Peggy, who lives in Iowa City, will be meeting us halfway in a Fairfield restaurant on Sunday to celebrate another day of Motherhood. Her foot in another cast, Peggy will be "gimping" into the building. Mom will be walking cautiously, giving her eyes plenty of time to adjust to the light change. We'll probably draw attention -- just like last year. And we'll probably tell some jokes and get the giggles -- just as before. And when we give Mom a gift or two, she'll probably get a little tear in her eyes.

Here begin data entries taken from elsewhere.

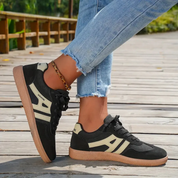 Gaia | Retro Street Sneakers Dames - Comfortabel, Stijlvol en Lichtgewicht - Wit / Zwart / Bruin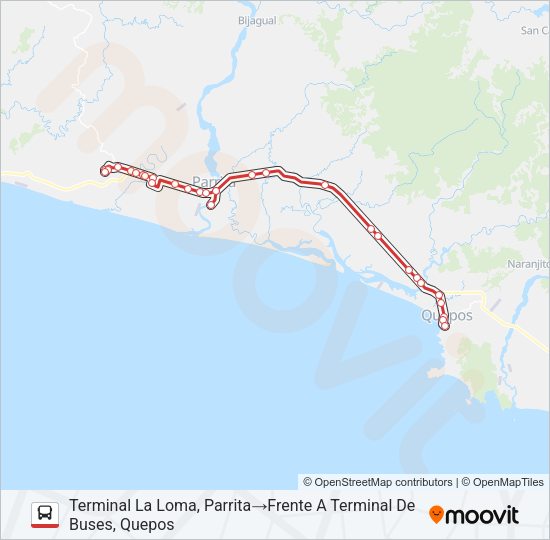 Mapa de QUEPOS - PARRITA - LA LOMA de autobús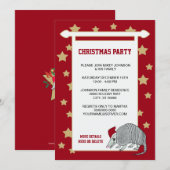 アルマジロサンタの星のクリスマスパーティー 招待状 (正面/裏面)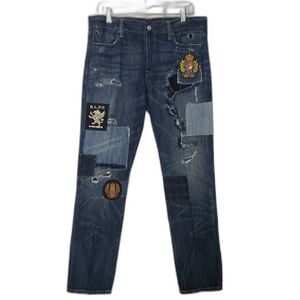 POLO RALPH LAUREN Astor Slim Boyfriend Patch Denim Jeans Womens Size 29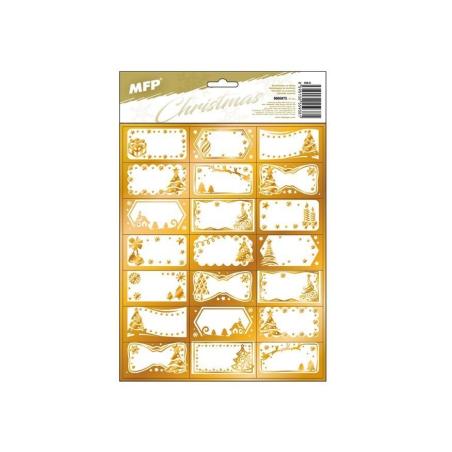 Naklejka na prezenty złota 200x300 mm 21 szt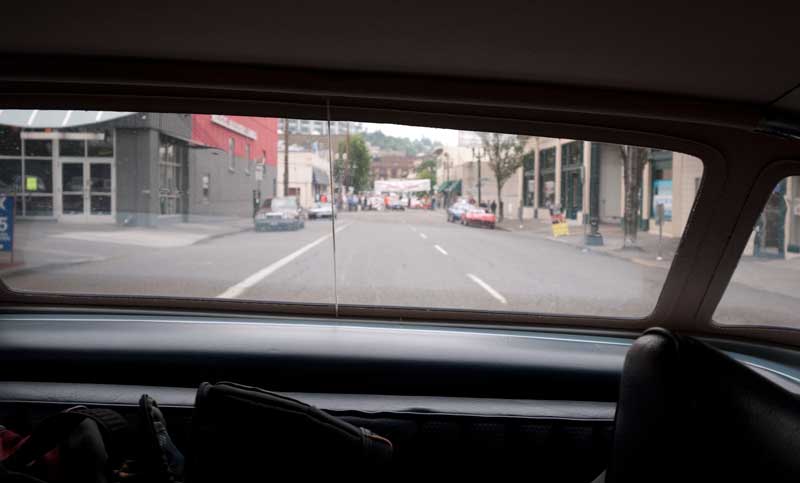 Looking back along SW Alder Street as we speed off.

Elmer and Edith no doubt will be part of our dinner's conversation. Mom will tell the most recent antics involving the twins and their mother, a protective one that has already chased Dad in the feed lot a couple of times. But for some reason the cow hasn't bothered Mom. She seems to have that instinct that the woman in the red coveralls is there to help. The cow doesn't mind when Mom is nudged by Edith looking for that bottle with the large, red nipple on the end of it. The cow apparently knows the little animals, like Mom's own children have done so often, know where to search for some extra motherly love.
--Mike Augspurger
5-8-92
THAT WOMAN!
There she was again --- that woman! Her deep, dark tan was still lingering in the now dead cold of winter. She always attended these basketball games to join in the hoopla of the crowd. She never appeared to have a special player on the team since she cheered for all the girls, myself included. I'll never forget her face as I sat on the bench, scanning the crowd for familiar faces. Her's always had a certain glow, and sometimes our eyes would meet and I could feel a very special bond between us. Then I would see her strong hand slowly raise in a very delicate manner and she would wave to me. I in turn responded with a smile and a wave of my own --- and I would be at peace.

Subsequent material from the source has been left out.